------ EXTRACTED INFORMATION ------

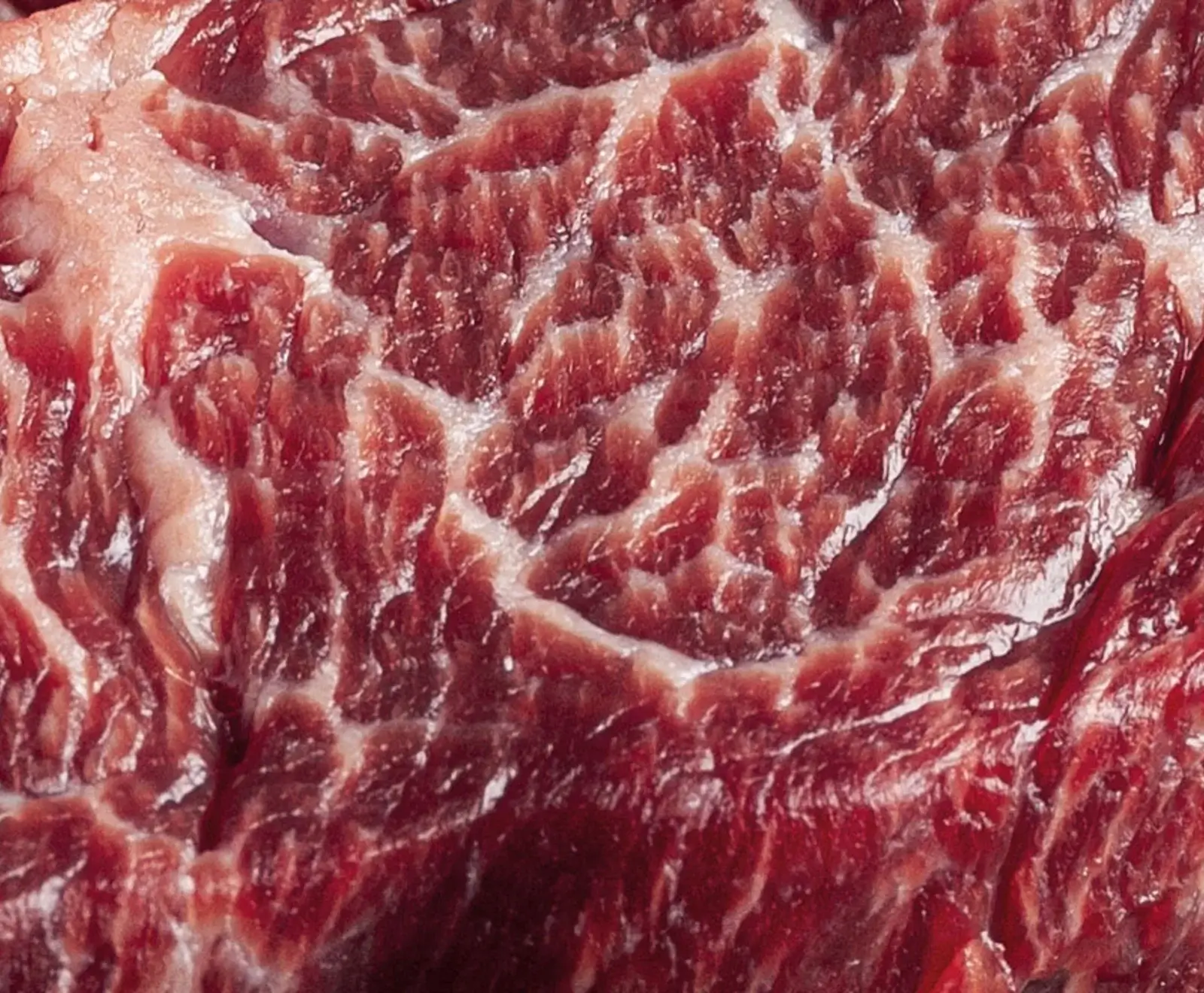 Nahaufnahme von rohem marmoriertem Fleisch mit Fettadern in Rottönen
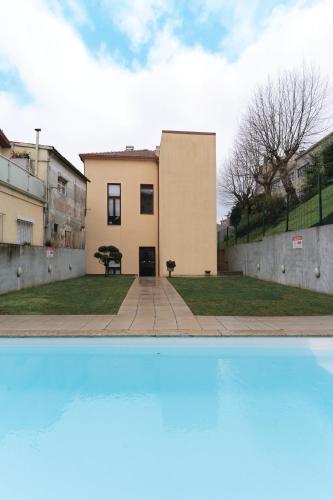 a house with a pool in front of a building at Douro by your side with Pool in Vila Nova de Gaia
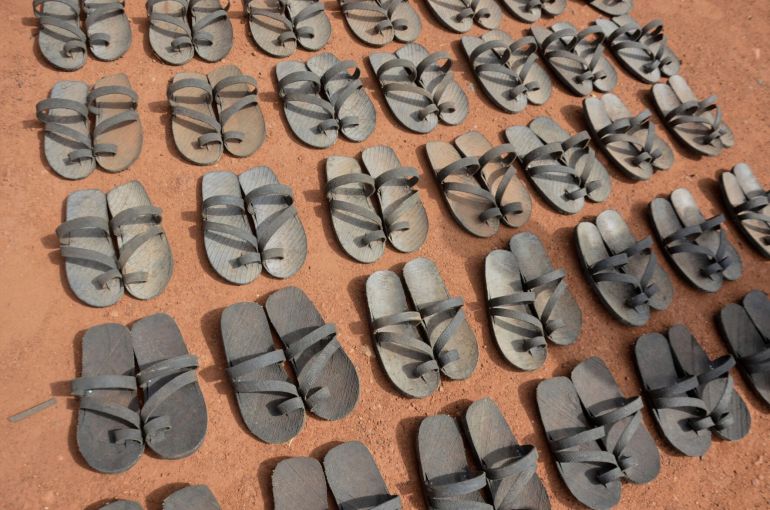 Article: Footwear crafted from recycled rubber tires are displayed on the ground in Wau, South Sudan, Friday, June 13, 2025. (AP Photo/Michael Atit)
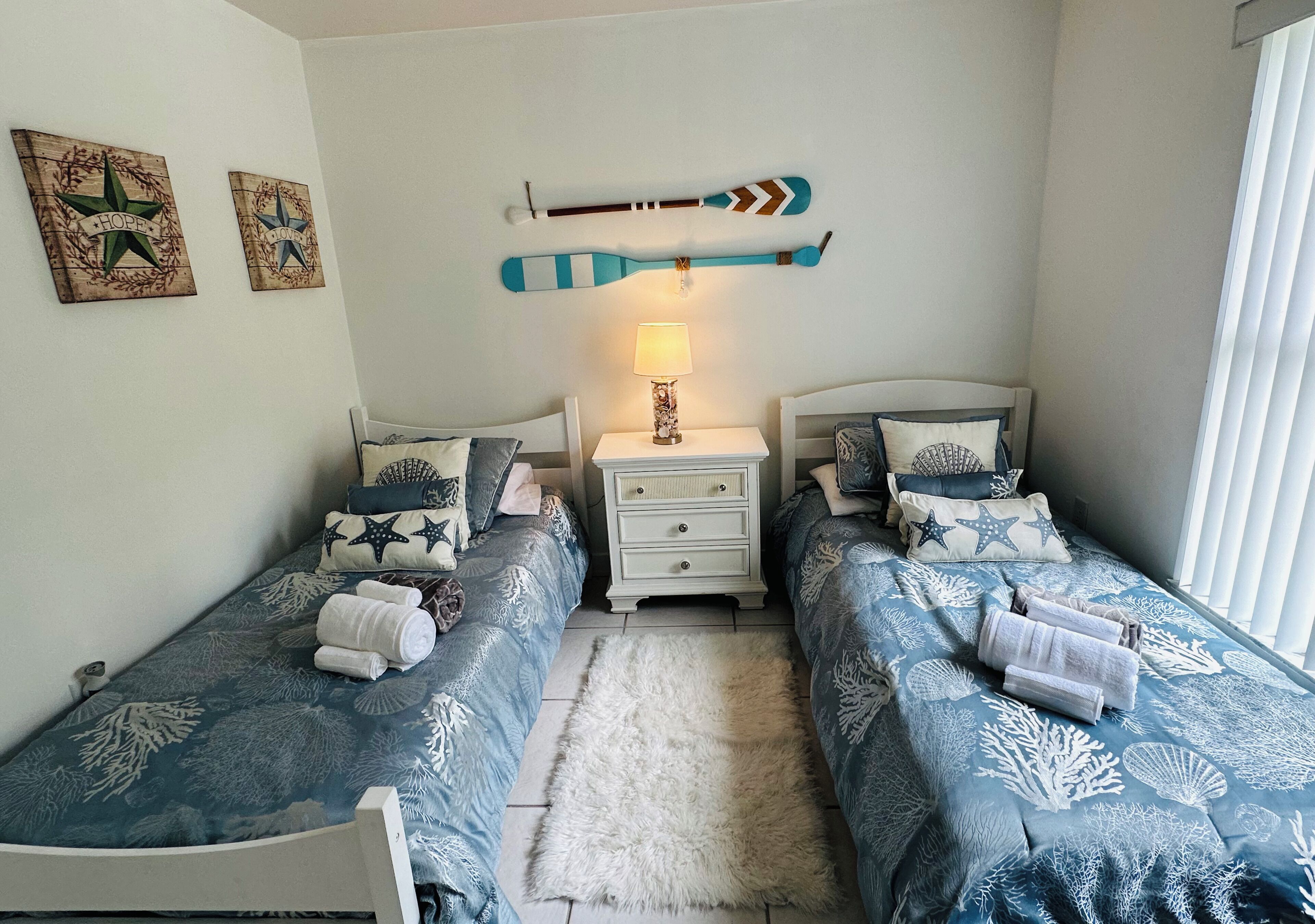 A bedroom with two beds, a nightstand, and wall decorations.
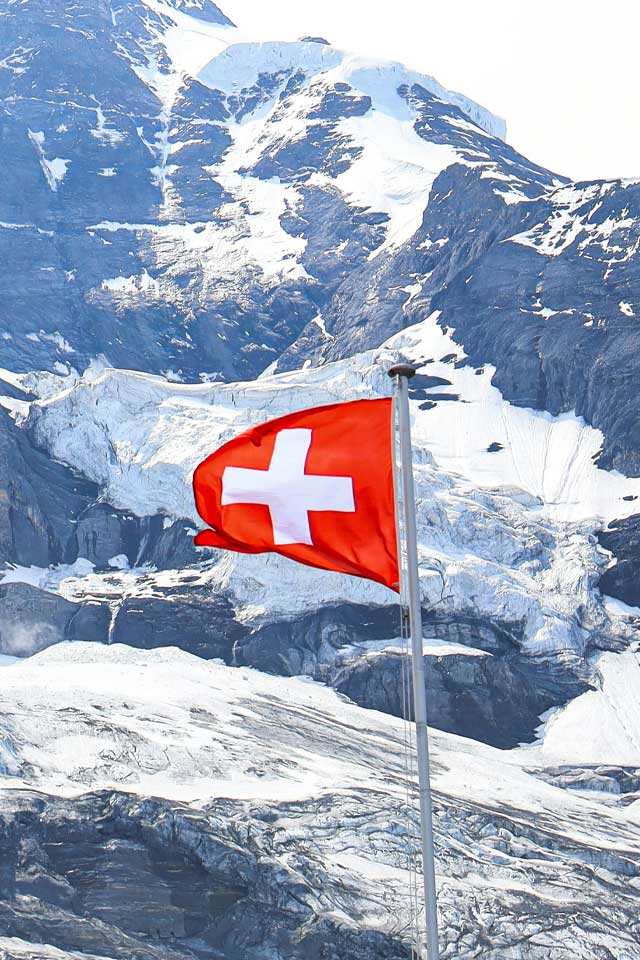 a swiss flag with snowy views in the background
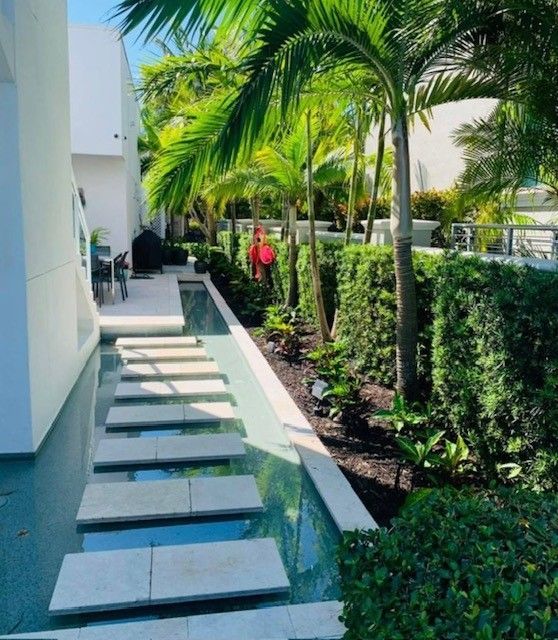 Stone path over water feature with palm trees and manicured landscaping alongside a modern building.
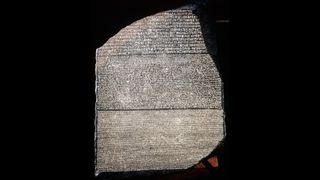 Ancient Egyptian Rosetta Stone. It is a giant stone with 3 types of writing carved onto it: Greek, Egyptian, and another form of Egyptian writing.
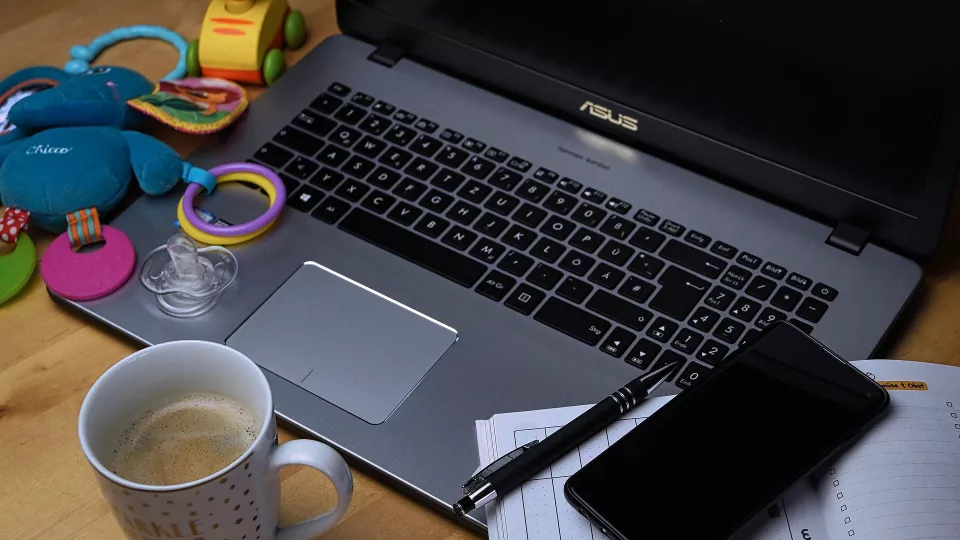 Dator och kaffekopp med barnleksaker bredvid. Foto: Pixabay. 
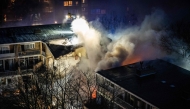Firemen try to douse a fire following a fire and an explosion at a residential building in The Hague on December 7, 2024. (Photo by Josh Walet / ANP / AFP) 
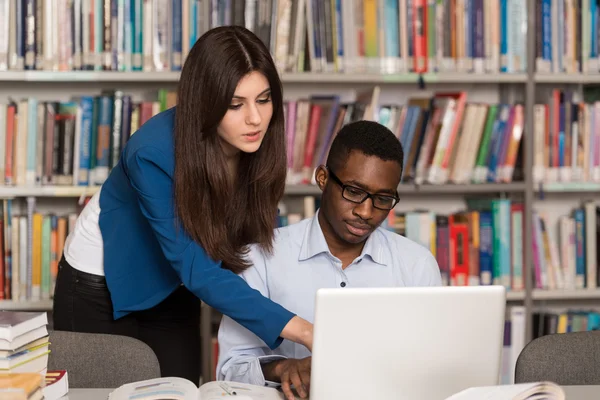 Giovani studenti che utilizzano il loro computer portatile in una biblioteca — Foto Stock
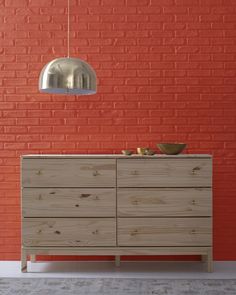 a wooden dresser sitting in front of a red brick wall with a light hanging from the ceiling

------

● **WHAT YOU ARE ASKED TO DO**
Write out the records once more, exactly as they stand, with no images.

● **ANSWER BOX**
 Nahaufnahme von rohem marmoriertem Fleisch mit Fettadern in Rottönen
 a house with a pool in front of a building at Douro by your side with Pool in Vila Nova de Gaia
 Article: Footwear crafted from recycled rubber tires are displayed on the ground in Wau, South Sudan, Friday, June 13, 2025. (AP Photo/Michael Atit)
 A bedroom with two beds, a nightstand, and wall decorations.
 a swiss flag with snowy views in the background
 Stone path over water feature with palm trees and manicured landscaping alongside a modern building.
 Ancient Egyptian Rosetta Stone. It is a giant stone with 3 types of writing carved onto it: Greek, Egyptian, and another form of Egyptian writing.
 Dator och kaffekopp med barnleksaker bredvid. Foto: Pixabay. 
Firemen try to douse a fire following a fire and an explosion at a residential building in The Hague on December 7, 2024. (Photo by Josh Walet / ANP / AFP) 
 Giovani studenti che utilizzano il loro computer portatile in una biblioteca — Foto Stock
 a wooden dresser sitting in front of a red brick wall with a light hanging from the ceiling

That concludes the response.